--- Recorded data Enclosed Below ---
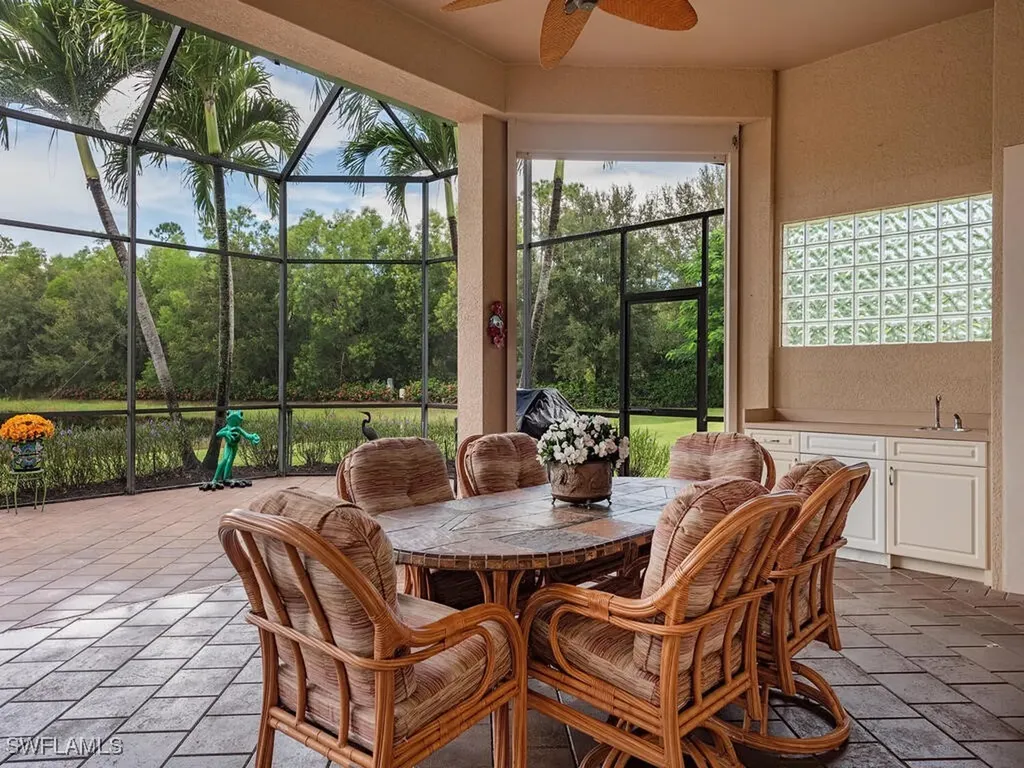 1749 Supreme Court Naples FL 34110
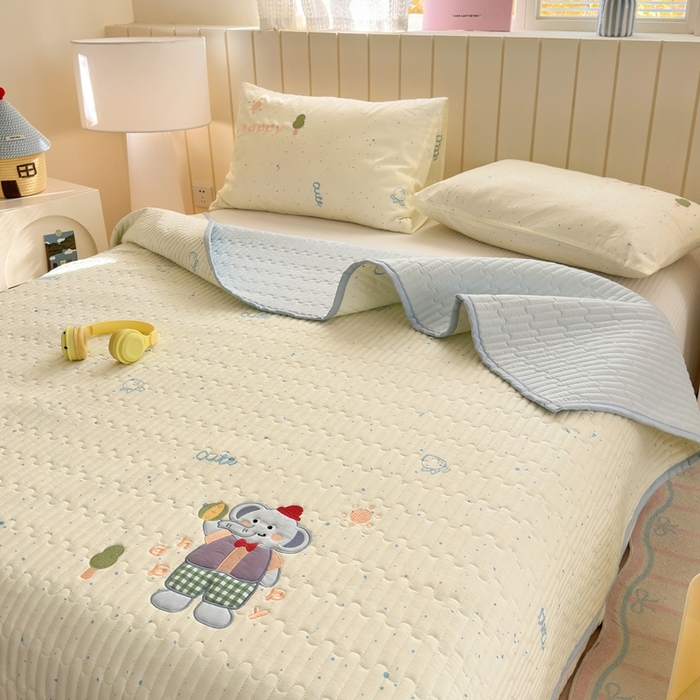 91家纺网 家纺一手货源 找家纺 娜娜 2025新款全棉夹棉多功能床盖 小飞象(全棉床盖)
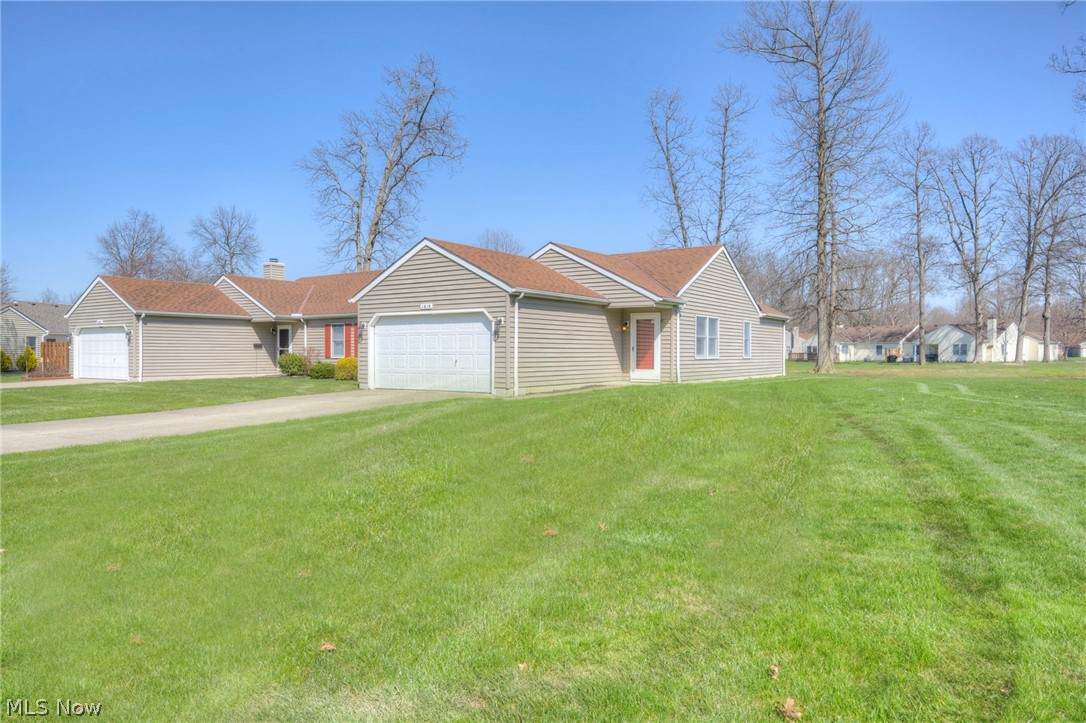 1819 Sandalwood Drive - Photo 1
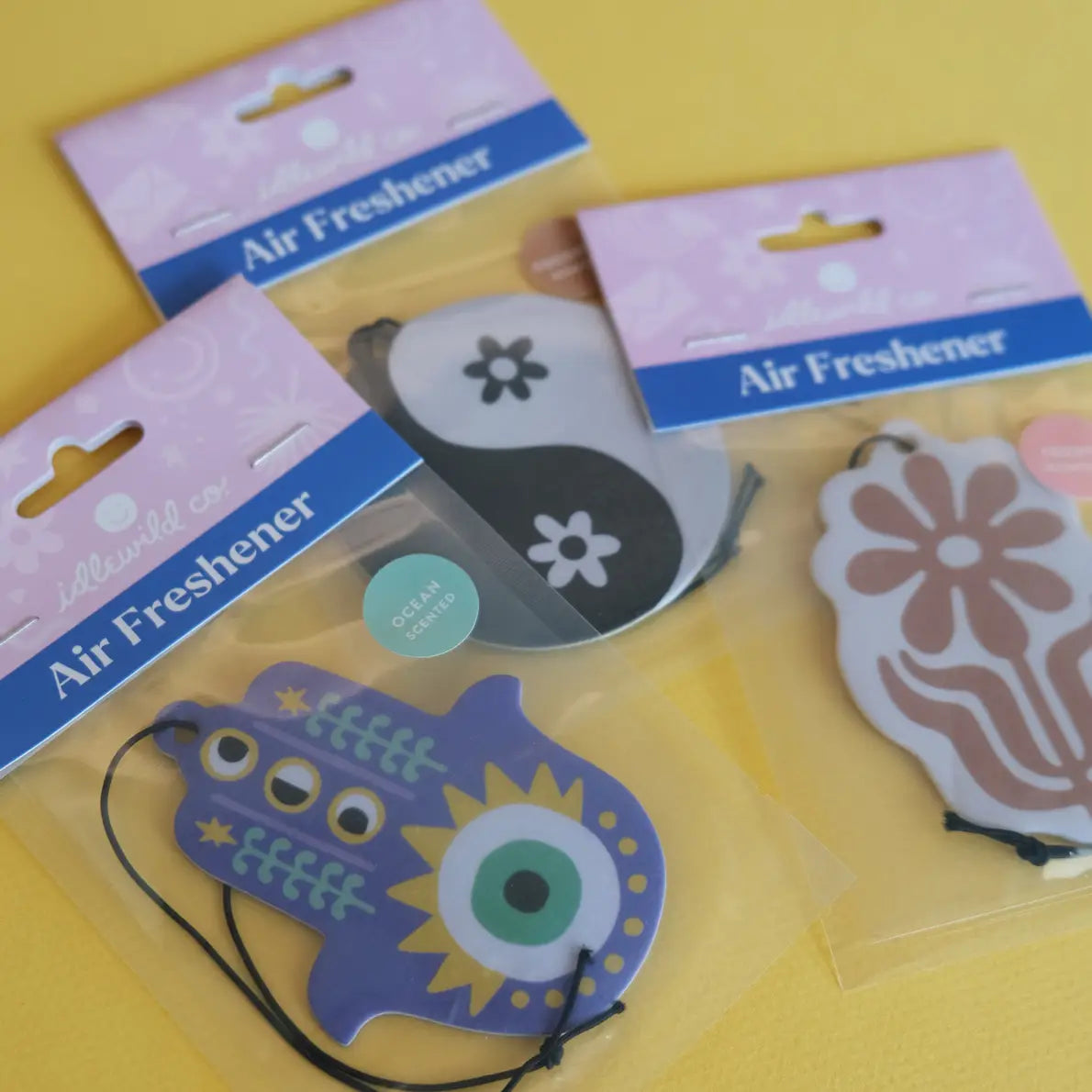 Car Air Freshener | Retro Daisy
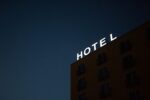 Catania, ruba in camera d’hotel mentre turisti dormono: denunciato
--- End of Enclosed Recorded data ---
### Exercise objective
Would you please copy, exactly and only, the lines from the one with "1819 Sandalwood Drive - Photo 1" through the end of the entries above, skipping every picture?

### Answer section
 1819 Sandalwood Drive - Photo 1
 Car Air Freshener | Retro Daisy
 Catania, ruba in camera d’hotel mentre turisti dormono: denunciato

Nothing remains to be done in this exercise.